Work/Life Balance Really Matters
Perhaps even more valuable to employees these days than cold, hard numbers, are another kind of cold, hard numbers: those which signify how much time they spend at work in relation to how much time they spend outside of work.
Employees will actually work more effectively and with a great deal more morale if they feel that these numbers are not unfairly skewed in the favor of work. Yes, when the situation demands it, they will work longer hours if required, but in general, respect the boundaries between work and life, don’t be reluctant to grant days off when required and even offer them unexpectedly when you feel able to do it. Again, it’s usually cheaper to work on reducing high staff turnover rates rather than hiring and onboarding less experienced workers.
It’s About the Carrot as Much as the Stick
Employees need to feel valued, not just chastised when they have made a mistake. Many employees cite this imbalance as a reason why they feel under-appreciated at work, so do not make this error of judgment.
“Feedback is an essential tool for employees, but make sure it is positive as well as negative. Some bosses see feedback as an opportunity to criticize, and this fundamentally misses the point,” warns Ashleigh Charters, an HR manager at Academized.
When you see that your employees are doing good, tell them so. Make sure that you are focusing on all of your employees. Good feedback is one of the best incentives there is because people want to know that they are doing good.
Even when you feel like they have made a mistake, you can turn that negative comment into something positive. For instance, you can tell them that what they did was good but that it might be better or more effective if they just corrected something. This is probably one of the cheapest and easiest ways to reduce your business’ staff turnover rate.
Communicate, Communicate, Communicate (and Listen)
Speaking of feedback, insufficient communication levels with employees will quickly lead to disillusionment. Keep employees in the loop about every conceivable detail, no matter how big or small (unless the situation requires a high level of discretion). Remember that growth can only occur in this type of communicative environment and that communication goes both ways.
Letting them know about things that are happening in the company can be a motivational factor. They will feel important and like they are doing things for more reasons, higher reasons than just because.
You can also listen to their ideas. Employees often have a better vision of what may help the company do better, even if it’s just a small segment. They may also know what can help them be more productive and efficient.
Keep an open-door policy in your office and listen to every need that your employees may have. You can even incentivize good ideas and tell them when you implement something that they have thought off. Employees are less likely to leave a good team when they feel that they are involved.
Workers want to be upskilled — that is a fact. Failing to do so will lead the employee to quickly realize that in order to get the required skills, they will need to go elsewhere. Make clear training and development plans for staff immediately upon their arrival, and never fail to review and update these plans.

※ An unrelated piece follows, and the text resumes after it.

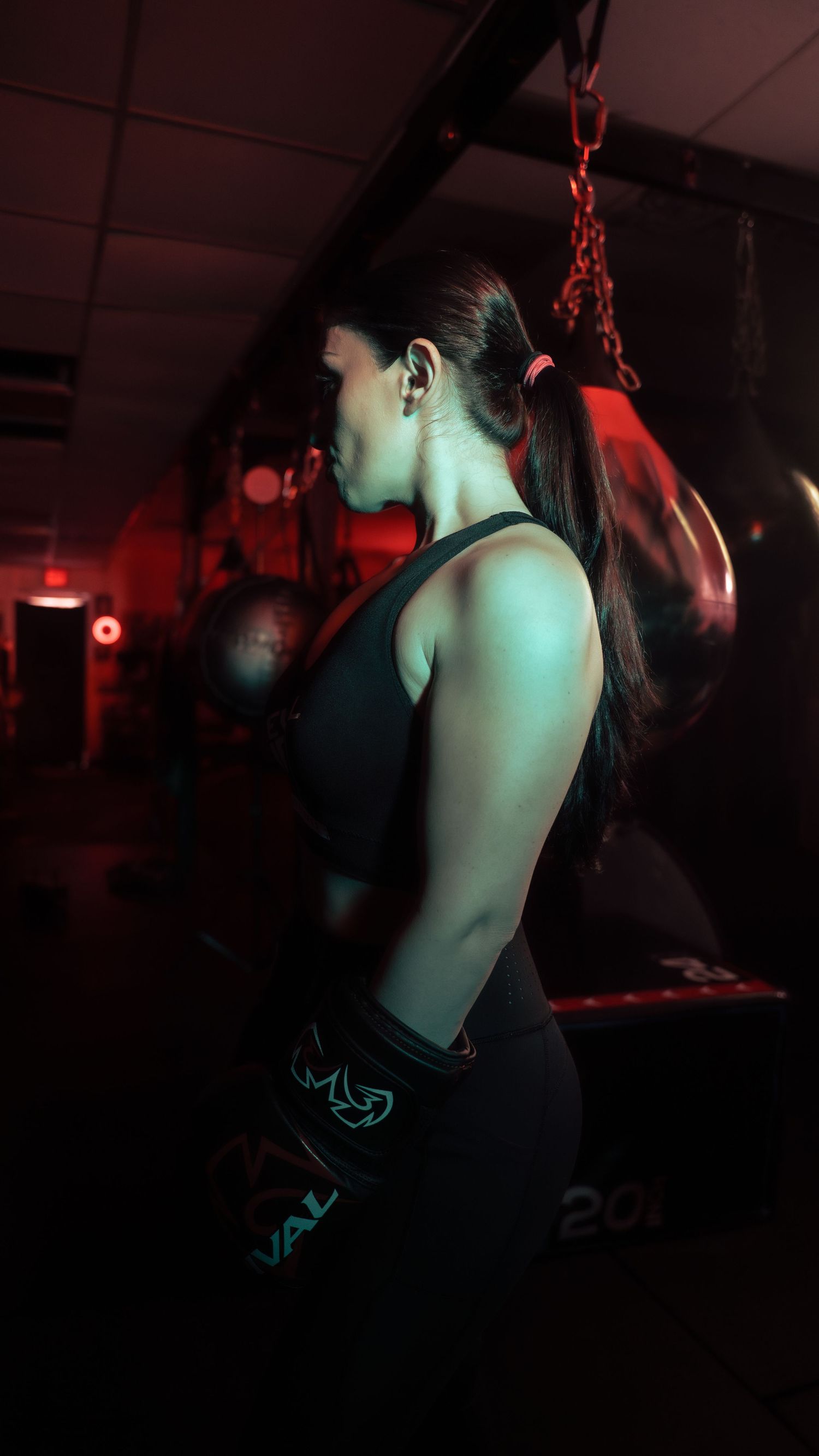 An athlete in dark workout attire trains in a dimly lit gym with red ambient lighting.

Recognize which employees are ready for the transition. You will be able to recognize them by simply observing who is doing their best at their current job and who can take on more responsibilities. You can also find these employees by learning more about them and finding out if they have any passions or if they have any special skills that you may not know about.
These interests or special skills may align with your company’s needs so you can make use of that with proper training.
Provide training seminars and courses or special programs at a university for talented employees. This will let them know that you appreciate them and that you are willing to provide them new opportunities. Otherwise, you will be spending a comparable amount of resources training your employee’s replacement for the same amount of work you were receiving before.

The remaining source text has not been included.